And when Saul's son heard that Abner was dead in Hebron, his hands were feeble, and all the Israelites were troubled.
No JFB commentary on these verses.
And Jonathan, Saul's son, had a son that was lame of his feet. He was five years old when the tidings came of Saul and Jonathan out of Jezreel, and his nurse took him up, and fled: and it came to pass, as she made haste to flee, that he fell, and became lame. And his name was Mephibosheth.
Jonathan, Saul's son, had a son that was lame of his feet. This is mentioned as a reason for his being considered, according to Oriental notions, unfit for exercising the duties of sovereignty.
And the sons of Rimmon the Beerothite, Rechab and Baanah, went, and came about the heat of the day to the house of Ishbosheth, who lay on a bed at noon.

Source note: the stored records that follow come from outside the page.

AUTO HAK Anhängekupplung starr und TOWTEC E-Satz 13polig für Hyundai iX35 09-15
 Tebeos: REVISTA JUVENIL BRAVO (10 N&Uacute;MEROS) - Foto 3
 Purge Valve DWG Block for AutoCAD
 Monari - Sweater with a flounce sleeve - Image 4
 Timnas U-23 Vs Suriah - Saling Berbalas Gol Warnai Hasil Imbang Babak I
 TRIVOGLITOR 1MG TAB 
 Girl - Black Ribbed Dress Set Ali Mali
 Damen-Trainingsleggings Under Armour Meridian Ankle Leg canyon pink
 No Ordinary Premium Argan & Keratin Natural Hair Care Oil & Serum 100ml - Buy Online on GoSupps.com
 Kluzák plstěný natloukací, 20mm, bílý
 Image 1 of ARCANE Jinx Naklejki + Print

Rechab and Baanah, went, and came about the heat of the day ... It is still a custom in the East to allow their soldiers a certain quantity of grain, together with some pay; and these two captains very naturally went to the palace the day before to fetch wheat, in order to distribute it to the soldiers, that it might be sent to the mill at the accustomed hour in the morning.
And they came thither into the midst of the house, as though they would have fetched wheat; and they smote him under the fifth rib: and Rechab and Baanah his brother escaped.
And they came thither into the midst of the house. [The Septuagint says: kai idou hee thurooros tou oikou ekathaire purous kai enustaxe kai ekatheude, and, behold, the porteress at the gate had been winnowing wheat; she became drowsy and fell asleep. kai Reechab kai baana hoi adelfoi dielabon, and the brothers Rechab and Bannah went through (got access into) the palace.].
For when they came into the house, he lay on his bed in his bedchamber, and they smote him, and slew him, and beheaded him, and took his head, and gat them away through the plain all night.
When they came into the house, he lay on his bed. Rechab and Baanah came in the heat of the day, when they knew that Ish-bosheth, their master, would, according to custom, be resting on his divan; and as it was necessary, for the reason just given, to have the grain the day before it was needed, their coming at that time, though it might be a little earlier than usual, created no suspicion, and attracted no notice. They took advantage of these circumstances to execute an infamous plot they had formed against the life of their master; and having assassinated him while reposing on his couch, they cut off his head, to be carried as a trophy to David in Hebron.
Gat them away through the plain all night, [ haa-`Araabaah (Hebrew #6160)] - i:e., the valley of the Jordan, through which their way lay from Mahanaim to Hebron.
And they brought the head of Ishbosheth unto David to Hebron, and said to the king, Behold the head of Ishbosheth the son of Saul thine enemy, which sought thy life; and the LORD hath avenged my lord the king this day of Saul, and of his seed.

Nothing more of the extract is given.